WHAT TO PRODUCE
Each line of the listing below that includes "single" should be reported.

DATA TO PROCESS

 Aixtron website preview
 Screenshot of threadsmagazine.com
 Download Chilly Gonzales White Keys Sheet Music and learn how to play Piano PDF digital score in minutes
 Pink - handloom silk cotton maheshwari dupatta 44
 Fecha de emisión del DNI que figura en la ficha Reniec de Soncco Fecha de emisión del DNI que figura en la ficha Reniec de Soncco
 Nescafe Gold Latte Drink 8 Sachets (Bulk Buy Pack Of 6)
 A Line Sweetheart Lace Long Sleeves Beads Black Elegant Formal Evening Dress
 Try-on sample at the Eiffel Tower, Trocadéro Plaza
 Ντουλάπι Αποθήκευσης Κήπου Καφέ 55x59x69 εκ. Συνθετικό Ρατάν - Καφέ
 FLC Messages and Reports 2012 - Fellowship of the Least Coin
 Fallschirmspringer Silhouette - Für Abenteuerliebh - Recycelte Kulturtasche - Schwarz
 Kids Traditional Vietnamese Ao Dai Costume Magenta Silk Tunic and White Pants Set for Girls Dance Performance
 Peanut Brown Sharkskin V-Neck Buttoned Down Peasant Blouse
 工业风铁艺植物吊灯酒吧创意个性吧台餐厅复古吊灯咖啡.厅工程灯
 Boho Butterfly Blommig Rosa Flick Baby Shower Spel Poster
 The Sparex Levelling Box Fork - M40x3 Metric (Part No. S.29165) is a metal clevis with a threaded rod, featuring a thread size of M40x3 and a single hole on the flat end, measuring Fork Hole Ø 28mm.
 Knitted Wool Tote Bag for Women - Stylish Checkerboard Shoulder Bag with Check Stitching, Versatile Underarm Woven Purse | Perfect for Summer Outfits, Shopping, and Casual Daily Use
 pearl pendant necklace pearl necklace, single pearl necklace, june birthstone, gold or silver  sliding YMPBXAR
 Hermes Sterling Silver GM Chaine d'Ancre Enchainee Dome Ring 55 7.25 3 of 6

TASK SOLUTION
 The Sparex Levelling Box Fork - M40x3 Metric (Part No. S.29165) is a metal clevis with a threaded rod, featuring a thread size of M40x3 and a single hole on the flat end, measuring Fork Hole Ø 28mm.
 pearl pendant necklace pearl necklace, single pearl necklace, june birthstone, gold or silver  sliding YMPBXAR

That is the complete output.